Image: trueStatement: “It sounds like a corporate myth but it’s true: The world-famous Wgasa Bush Line, the park’s original monorail, received its name when a committee, searching for an African-sounding title, seized upon WGASA, a well-known acronym for Who Gives A (bleep) Anyway,” wrote San Diego Union-Tribune columnist Logan Jenkins on July 18.

Determination: True

Analysis: A brouhaha has erupted over the Wild Animal Park’s plans to change its name to Safari. But as the U-T notes, this isn’t the first time a name at the park has raised eyebrows.

The paper says the now-retired Wgasa Bush Line — which transported visitors around the outskirts of the park for more than three decades — was named after the African-sounding acronym for “Who Gives a Shit Anyway?”

Could the five-mile monorail line really have been named for WGASA, whose company in the pantheon of foul-mouthed acronyms includes FUBAR and SNAFU?

It was indeed, confirm two men who should know — the zoo’s former executive director and the son of the late San Diego Zoo chief designer who coined the name.

Andy Faust, son of zoo designer Chuck Faust, said his good-humored father had the brainstorm that created the memorable name.

“They were at a meeting and bouncing around different ideas for the name of the busline, and he said WGASA. And then he goes, ‘Who gives a shit anyways?’” recalled Faust, a Delta pilot who lives near Albuquerque. His father designed exhibits at the zoo and helped create the Wild Animal Park, which opened in 1972 with an African theme.
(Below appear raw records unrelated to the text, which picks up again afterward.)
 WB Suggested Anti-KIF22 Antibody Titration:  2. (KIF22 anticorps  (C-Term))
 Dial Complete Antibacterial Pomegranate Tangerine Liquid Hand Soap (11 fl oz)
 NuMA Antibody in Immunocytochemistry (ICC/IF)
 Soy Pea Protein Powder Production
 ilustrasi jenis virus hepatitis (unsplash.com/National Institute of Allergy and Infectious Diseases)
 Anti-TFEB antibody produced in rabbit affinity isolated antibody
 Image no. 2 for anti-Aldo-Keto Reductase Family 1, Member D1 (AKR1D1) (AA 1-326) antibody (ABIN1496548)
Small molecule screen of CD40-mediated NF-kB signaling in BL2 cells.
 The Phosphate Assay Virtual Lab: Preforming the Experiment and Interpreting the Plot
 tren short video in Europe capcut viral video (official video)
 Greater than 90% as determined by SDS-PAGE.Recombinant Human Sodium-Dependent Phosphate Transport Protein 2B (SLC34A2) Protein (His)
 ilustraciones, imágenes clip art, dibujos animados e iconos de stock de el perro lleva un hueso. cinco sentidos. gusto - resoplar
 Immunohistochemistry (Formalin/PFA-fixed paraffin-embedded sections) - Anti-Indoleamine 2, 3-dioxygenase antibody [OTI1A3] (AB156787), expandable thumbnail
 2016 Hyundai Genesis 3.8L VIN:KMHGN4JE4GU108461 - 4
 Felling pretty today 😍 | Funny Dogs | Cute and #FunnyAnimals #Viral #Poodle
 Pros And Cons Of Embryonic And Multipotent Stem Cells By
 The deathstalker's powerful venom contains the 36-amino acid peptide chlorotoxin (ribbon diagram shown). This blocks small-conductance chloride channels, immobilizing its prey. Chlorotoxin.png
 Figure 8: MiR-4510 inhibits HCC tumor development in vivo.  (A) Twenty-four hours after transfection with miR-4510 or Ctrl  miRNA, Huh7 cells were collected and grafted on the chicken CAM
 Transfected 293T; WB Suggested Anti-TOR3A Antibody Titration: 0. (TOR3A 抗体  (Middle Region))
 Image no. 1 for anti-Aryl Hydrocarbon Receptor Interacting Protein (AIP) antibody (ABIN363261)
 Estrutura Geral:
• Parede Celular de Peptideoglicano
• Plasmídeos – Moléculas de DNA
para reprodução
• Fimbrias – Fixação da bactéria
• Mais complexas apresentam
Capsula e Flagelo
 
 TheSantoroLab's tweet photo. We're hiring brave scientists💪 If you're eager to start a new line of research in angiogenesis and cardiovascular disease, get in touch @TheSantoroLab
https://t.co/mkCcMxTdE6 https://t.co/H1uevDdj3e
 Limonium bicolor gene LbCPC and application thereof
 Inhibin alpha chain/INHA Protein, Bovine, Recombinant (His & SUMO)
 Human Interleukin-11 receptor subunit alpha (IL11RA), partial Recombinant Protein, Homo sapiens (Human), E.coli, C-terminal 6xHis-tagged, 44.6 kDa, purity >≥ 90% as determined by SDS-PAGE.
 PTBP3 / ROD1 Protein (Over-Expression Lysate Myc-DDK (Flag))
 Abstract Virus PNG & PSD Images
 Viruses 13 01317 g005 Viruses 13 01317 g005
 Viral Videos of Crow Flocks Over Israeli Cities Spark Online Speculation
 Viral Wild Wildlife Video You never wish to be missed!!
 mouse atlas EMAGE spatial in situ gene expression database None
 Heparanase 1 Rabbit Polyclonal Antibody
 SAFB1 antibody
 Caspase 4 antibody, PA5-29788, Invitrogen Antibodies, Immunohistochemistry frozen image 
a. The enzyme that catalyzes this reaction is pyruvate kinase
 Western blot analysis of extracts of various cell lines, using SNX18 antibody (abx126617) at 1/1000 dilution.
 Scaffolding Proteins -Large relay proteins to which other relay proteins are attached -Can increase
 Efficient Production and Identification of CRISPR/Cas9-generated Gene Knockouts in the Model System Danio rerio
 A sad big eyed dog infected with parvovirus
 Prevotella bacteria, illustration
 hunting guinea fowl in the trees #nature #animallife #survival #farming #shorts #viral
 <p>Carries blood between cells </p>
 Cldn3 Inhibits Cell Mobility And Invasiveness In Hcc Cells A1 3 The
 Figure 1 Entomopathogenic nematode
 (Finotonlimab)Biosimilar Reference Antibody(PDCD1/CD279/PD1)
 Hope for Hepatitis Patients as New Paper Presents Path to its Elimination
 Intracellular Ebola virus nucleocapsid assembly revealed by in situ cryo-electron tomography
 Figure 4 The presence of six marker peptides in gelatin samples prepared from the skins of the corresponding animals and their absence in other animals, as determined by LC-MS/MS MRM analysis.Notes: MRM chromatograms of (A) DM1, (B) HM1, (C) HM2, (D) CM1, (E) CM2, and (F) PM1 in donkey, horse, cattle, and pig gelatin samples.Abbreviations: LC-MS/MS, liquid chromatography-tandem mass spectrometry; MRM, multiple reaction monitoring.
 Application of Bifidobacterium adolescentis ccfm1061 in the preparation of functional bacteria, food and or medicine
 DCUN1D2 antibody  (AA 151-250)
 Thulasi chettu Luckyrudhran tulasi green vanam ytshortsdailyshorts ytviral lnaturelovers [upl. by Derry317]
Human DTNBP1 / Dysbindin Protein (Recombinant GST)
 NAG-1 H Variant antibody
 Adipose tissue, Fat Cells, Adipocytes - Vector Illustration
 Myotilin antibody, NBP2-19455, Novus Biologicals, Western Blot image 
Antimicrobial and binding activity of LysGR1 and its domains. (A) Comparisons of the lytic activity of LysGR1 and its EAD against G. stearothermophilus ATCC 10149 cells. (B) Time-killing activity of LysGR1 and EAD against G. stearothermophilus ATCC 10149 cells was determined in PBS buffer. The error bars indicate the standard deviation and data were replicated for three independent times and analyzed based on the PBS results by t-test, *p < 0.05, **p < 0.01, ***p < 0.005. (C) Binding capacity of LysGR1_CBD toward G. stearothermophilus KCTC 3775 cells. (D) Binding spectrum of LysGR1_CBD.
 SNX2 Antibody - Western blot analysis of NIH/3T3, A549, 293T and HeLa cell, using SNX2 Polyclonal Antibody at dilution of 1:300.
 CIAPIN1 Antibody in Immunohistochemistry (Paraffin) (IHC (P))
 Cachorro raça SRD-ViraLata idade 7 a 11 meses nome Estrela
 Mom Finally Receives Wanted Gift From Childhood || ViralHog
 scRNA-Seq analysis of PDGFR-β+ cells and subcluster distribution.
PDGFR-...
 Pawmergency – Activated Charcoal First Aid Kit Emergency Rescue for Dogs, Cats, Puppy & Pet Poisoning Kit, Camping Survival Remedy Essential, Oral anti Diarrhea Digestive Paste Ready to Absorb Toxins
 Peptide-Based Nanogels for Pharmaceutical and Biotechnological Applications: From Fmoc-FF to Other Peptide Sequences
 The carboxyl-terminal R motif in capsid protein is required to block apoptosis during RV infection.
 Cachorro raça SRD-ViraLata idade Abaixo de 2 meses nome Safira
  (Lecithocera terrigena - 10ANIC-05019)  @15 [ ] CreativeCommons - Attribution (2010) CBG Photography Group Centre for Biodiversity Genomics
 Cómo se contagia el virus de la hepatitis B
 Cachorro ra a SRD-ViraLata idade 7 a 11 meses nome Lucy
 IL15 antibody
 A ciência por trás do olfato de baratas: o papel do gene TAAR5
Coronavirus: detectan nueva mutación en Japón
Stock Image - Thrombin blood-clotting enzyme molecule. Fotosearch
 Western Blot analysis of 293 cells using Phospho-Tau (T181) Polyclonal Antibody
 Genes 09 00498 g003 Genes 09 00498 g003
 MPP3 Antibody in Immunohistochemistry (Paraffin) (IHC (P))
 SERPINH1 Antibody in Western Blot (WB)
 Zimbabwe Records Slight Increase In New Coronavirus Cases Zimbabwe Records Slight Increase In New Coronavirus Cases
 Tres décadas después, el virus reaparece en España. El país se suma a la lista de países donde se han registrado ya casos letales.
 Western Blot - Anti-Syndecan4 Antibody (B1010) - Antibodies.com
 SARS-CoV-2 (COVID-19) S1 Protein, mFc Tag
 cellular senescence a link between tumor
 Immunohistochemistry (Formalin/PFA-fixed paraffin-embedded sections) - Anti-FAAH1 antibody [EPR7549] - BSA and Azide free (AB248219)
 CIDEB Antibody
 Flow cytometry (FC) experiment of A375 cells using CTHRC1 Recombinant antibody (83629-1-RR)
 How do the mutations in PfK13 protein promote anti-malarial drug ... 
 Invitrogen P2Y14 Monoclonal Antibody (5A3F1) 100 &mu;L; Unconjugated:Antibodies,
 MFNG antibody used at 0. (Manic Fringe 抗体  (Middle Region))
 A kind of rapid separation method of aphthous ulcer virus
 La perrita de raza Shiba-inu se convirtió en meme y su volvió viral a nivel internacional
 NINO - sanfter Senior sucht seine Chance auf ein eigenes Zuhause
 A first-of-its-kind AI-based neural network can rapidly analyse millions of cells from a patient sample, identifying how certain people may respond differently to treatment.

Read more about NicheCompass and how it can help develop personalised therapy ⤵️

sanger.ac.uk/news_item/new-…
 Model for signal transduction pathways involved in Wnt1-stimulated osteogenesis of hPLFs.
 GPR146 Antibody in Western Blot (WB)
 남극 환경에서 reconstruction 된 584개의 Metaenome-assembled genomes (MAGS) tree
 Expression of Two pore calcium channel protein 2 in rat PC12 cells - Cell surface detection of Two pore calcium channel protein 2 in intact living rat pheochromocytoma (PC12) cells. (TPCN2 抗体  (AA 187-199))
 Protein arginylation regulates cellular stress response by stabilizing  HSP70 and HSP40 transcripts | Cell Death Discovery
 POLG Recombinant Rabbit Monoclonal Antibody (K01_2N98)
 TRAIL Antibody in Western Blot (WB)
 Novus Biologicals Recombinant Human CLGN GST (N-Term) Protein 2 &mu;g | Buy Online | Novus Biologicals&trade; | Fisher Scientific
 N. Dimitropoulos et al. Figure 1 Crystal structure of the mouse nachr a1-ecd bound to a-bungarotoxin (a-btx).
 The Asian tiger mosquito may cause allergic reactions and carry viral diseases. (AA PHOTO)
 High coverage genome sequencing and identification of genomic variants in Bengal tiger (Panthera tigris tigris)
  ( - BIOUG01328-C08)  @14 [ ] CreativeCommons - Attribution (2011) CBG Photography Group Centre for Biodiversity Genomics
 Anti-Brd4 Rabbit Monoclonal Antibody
The name then went to a committee for approval, remembered Chuck Bieler, a zoo official at the time. He knew its true origin, but others didn’t: “It was just a neat African-sounding name. They said, ‘That sounds great,’ without any knowledge of what it meant.”

The name stuck. “We got a lot of chuckles out of it, and it survived the years,” said Bieler, who later became the zoo’s executive director and fudged history over the next decades by telling people that the name actually stood for “World’s Greatest Animal Show Anywhere.” (This particular tale has legs: A park spokeswoman this week said she thought that’s what WGASA actually stands for.)

The Wgasa Bush Line no longer exists. The park replaced it with an open-air shuttle called the African Express three years ago. The story of the origin of the Wgasa name, however, remains a popular topic.

All evidence suggests that the monorail was really named after the earthy acronym. So we’re declaring this tale to be true.

By the way, it’s a stretch for the U-T to say WGASA is a “well-known acronym.” A wide search of historical slang dictionaries and other lexical resources doesn’t reveal any decades-old use of the acronym outside of the Wild Animal Park tale. WGASA appears in the written record only in the last three decades, and then only in small numbers, and almost never in relation to anything other than the animal park. There are many uses of “WGAS” — without the “anyway” — but those are mainly in the last 20 years.

Does this word history matter? Well, some might say, “Who…” Oh never mind.